あるいは、今後のエネルギー問題を考えるとパワーを抑制していかなければいけない、などとも聞きます。
とすると、ポパイの力がパワーで、ホウレン草の缶詰がそのエネルギー源ではないかと思うのですが、この両者の違いを明確に説明できる方は少ない様に思います。
という訳で、ここではこのパワーとエネルギーの違いを、物理の観点から分かり易く説明したいと思います。
徐々に専門的な話をしますので、もし興味がありましたら、覗いてみて下さい。
結論
それでは先に結論から言ってしまいましょう。
先ずエネルギーとは、これから力仕事を行なえる能力の事で、以下の式で求める事ができます。
エネルギー=力×高さ(距離)
これをもう少し分かり易く言うと、エネルギーとはどれだけ重い物をどれだけ高い所に持っていけるかの能力と言えます。
ですので、もし貴方が10kgf(地球上で10kgの重さのこと)の物を1m持ち上げられるとしたら、貴方のエネルギーは以下の様にになります。
貴方のエネルギー=10kgf x 1m=10kgf・m
なおこの場合、1秒で持ち上げても、1分で持ち上げても、エネルギーは同じです。
一方パワーとは、力仕事を行なえる一定時間当たりの能力の事で、以下の式で求める事ができます。
パワー=力×高さ(距離)÷掛かった時間
という事は、エネルギーを掛かった時間で割ればパワーが求められるという訳です。
ですので、もし10kgfの物を1秒で1m持ち上たら、パワーは以下の様になります。
パワー=10kgf x 1m÷1s=10kgf・m/s
またもし1分で持ち上げたら、以下の様になります。
パワー=10kgf x 1m÷60s=0.17kgf・m/s
すなわち早く持ち上げた方が、パワーは大きくなります。
これをクルマに例えると、エネルギーがガソリンで、パワーがそのガソリンを使うエンジンの能力と言えます。
なんだこんなに簡単なことだったのかと思われた方は、この項だけ読めば十分です。
もしもう少し説明がほしいなと思ったら次にお進み下さい。
エネルギー
それではエネルギーについてもう少し詳しく述べてみます。
例えば、下の図の様に地上から10mの所に10トン(10,000㎏)の水が入ったタンクがあったとします。
(多少細かくなりますが、絵では全ての水を使い切ると想定して、タンク内にある水の中心の高さから後述する水車の中心の高さまでを10mとしています。
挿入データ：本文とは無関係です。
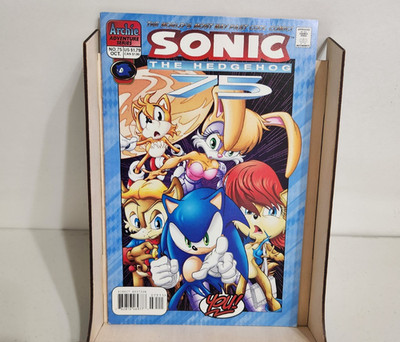 SONIC THE HEDGEHOG #75 Archie Adventure Comics Dr Eggman 1999 FREE SHIPPING e3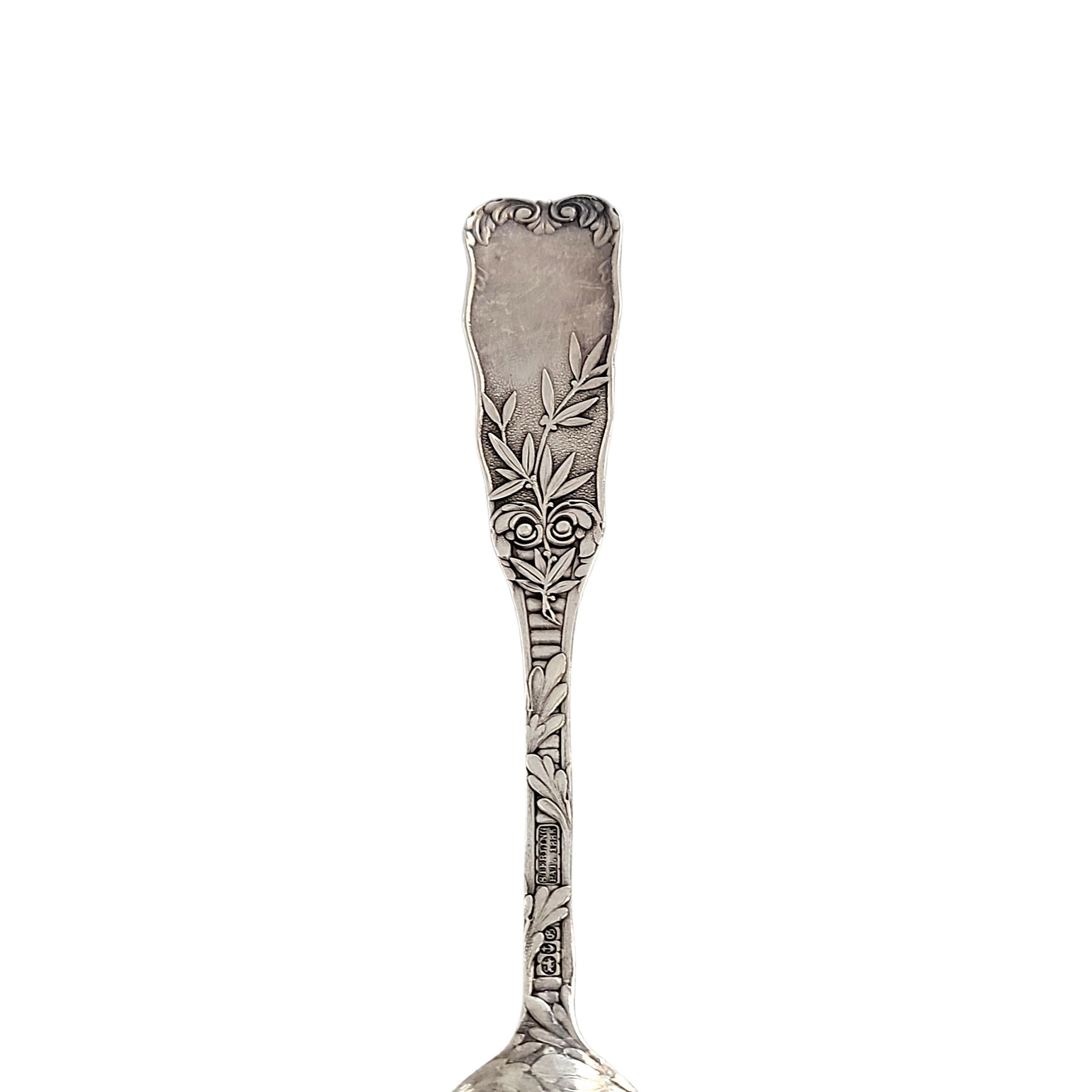 Gorham St Cloud Sterling Silver Table Spoon 2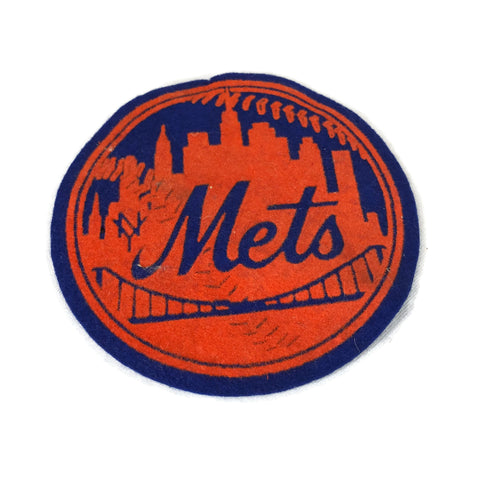 Vintage 1940’s-1950’s New York Mets Baseball Patch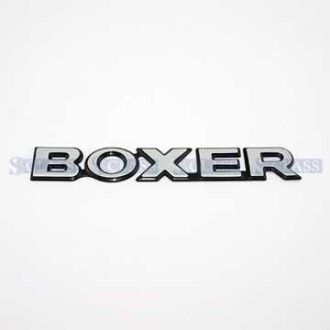 Фото автозапчасти шильдик задней двери Boxer Peugeot Турция 8665 X5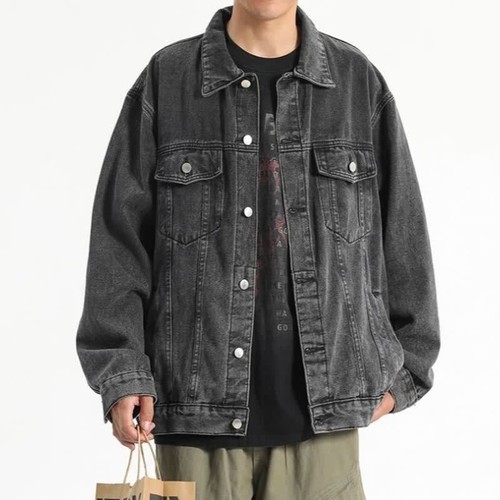 Men denim jacket - men's, vintage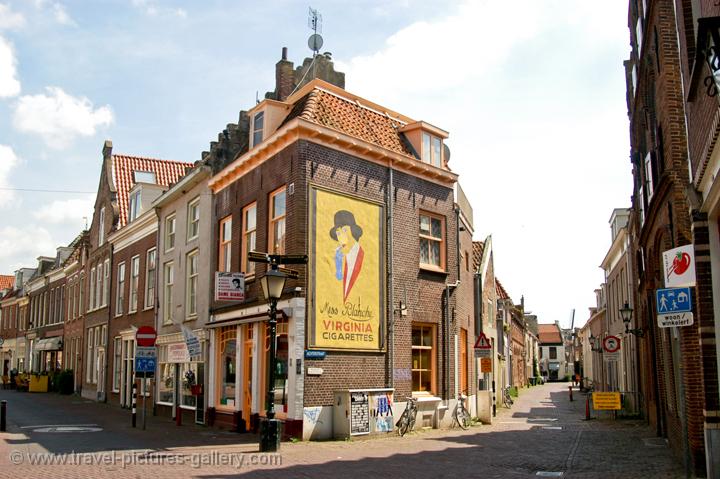 the old town centre of Culemborg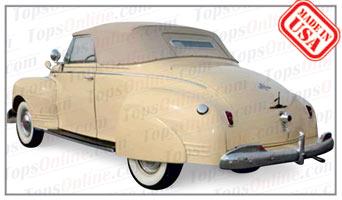 Convertible Tops & Accessories:1941 Plymouth Special Deluxe Convertible Coupe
)
だとしますと、この水のエネルギー(正確には位置エネルギー)は以下の式で求められます。
水のエネルギー | =重さ×高さ |
=10,000kgf×10m | |
=100,000kgf・m |
そして、このエネルギーの100,000kgf・mとは、10トンの水を10m持ち上げる能力を指します。
ただしこのエネルギーを1時間で使い切ってしまう場合もあれば、1分で使う場合も考えられます。
そこで登場するのがパワーです。
パワー
前段で述べました様に、パワーはエネルギーを時間で割れば求められます。
ですので、もしこの水を1時間で使い切れば、下の水車のパワーは以下の様になります。
水車のパワー | =エネルギー / 時間(秒) |
=100,000kgf ・m / 3600s | |
=27.8kgf・m/s |
パワーが27.8kgf・m/sと言われも何方もピンとこないと思いますので、これをモーターやエンジンの出力を表す馬力表示に変えてみましょう。
エンジンの出力を表す1馬力は、重さ75kgfの物体を1秒間に1m持ち上げる力を指しますので、27.8kgf・m/sを馬力に変換すると、以下の様になります。
水車の馬力=27.8kgf・m/s÷75kgf×1s÷1m=0.37馬力
たったの0.37馬力と聞いて、少し驚かれたのではないでしょうか?
10トンもの水が10mも上にあっても、そのエネルギーを1時間で使うと、たったの0.37馬力しかないのです。
今どき軽自動車でも64馬力もありますので、内燃機関のパワーの大きさに圧倒されます。
これから言える事は、水力発電より火力発電の方が、より小さい施設でより大きなエネルギーを生み出せると言えるかもしれません。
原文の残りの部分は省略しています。